# ABOUT THIS TASK
Could you restate all of the entries, word for word?

# DATASET EXTRACT
+++++

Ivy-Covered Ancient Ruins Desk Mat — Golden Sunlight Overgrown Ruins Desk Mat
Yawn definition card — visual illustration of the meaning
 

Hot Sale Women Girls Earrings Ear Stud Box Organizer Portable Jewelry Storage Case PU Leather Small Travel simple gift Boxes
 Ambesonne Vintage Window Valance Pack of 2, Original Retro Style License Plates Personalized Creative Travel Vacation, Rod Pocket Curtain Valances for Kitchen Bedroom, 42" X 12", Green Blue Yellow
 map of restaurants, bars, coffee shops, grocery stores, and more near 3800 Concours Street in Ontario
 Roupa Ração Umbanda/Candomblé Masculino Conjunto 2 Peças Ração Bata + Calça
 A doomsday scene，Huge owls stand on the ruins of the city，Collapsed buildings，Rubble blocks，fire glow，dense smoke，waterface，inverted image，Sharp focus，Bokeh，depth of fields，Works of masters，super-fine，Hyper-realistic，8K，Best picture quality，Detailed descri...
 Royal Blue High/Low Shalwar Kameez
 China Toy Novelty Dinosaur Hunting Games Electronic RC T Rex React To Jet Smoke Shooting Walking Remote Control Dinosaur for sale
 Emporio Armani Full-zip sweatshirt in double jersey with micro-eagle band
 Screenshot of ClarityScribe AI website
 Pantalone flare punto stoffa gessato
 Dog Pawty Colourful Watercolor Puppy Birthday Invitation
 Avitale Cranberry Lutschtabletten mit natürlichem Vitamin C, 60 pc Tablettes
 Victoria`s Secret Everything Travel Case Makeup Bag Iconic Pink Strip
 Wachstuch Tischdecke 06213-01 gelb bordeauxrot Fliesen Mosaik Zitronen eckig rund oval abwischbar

+++++

# TASK SOLUTION
Ivy-Covered Ancient Ruins Desk Mat — Golden Sunlight Overgrown Ruins Desk Mat
Yawn definition card — visual illustration of the meaning
 

Hot Sale Women Girls Earrings Ear Stud Box Organizer Portable Jewelry Storage Case PU Leather Small Travel simple gift Boxes
 Ambesonne Vintage Window Valance Pack of 2, Original Retro Style License Plates Personalized Creative Travel Vacation, Rod Pocket Curtain Valances for Kitchen Bedroom, 42" X 12", Green Blue Yellow
 map of restaurants, bars, coffee shops, grocery stores, and more near 3800 Concours Street in Ontario
 Roupa Ração Umbanda/Candomblé Masculino Conjunto 2 Peças Ração Bata + Calça
 A doomsday scene，Huge owls stand on the ruins of the city，Collapsed buildings，Rubble blocks，fire glow，dense smoke，waterface，inverted image，Sharp focus，Bokeh，depth of fields，Works of masters，super-fine，Hyper-realistic，8K，Best picture quality，Detailed descri...
 Royal Blue High/Low Shalwar Kameez
 China Toy Novelty Dinosaur Hunting Games Electronic RC T Rex React To Jet Smoke Shooting Walking Remote Control Dinosaur for sale
 Emporio Armani Full-zip sweatshirt in double jersey with micro-eagle band
 Screenshot of ClarityScribe AI website
 Pantalone flare punto stoffa gessato
 Dog Pawty Colourful Watercolor Puppy Birthday Invitation
 Avitale Cranberry Lutschtabletten mit natürlichem Vitamin C, 60 pc Tablettes
 Victoria`s Secret Everything Travel Case Makeup Bag Iconic Pink Strip
 Wachstuch Tischdecke 06213-01 gelb bordeauxrot Fliesen Mosaik Zitronen eckig rund oval abwischbar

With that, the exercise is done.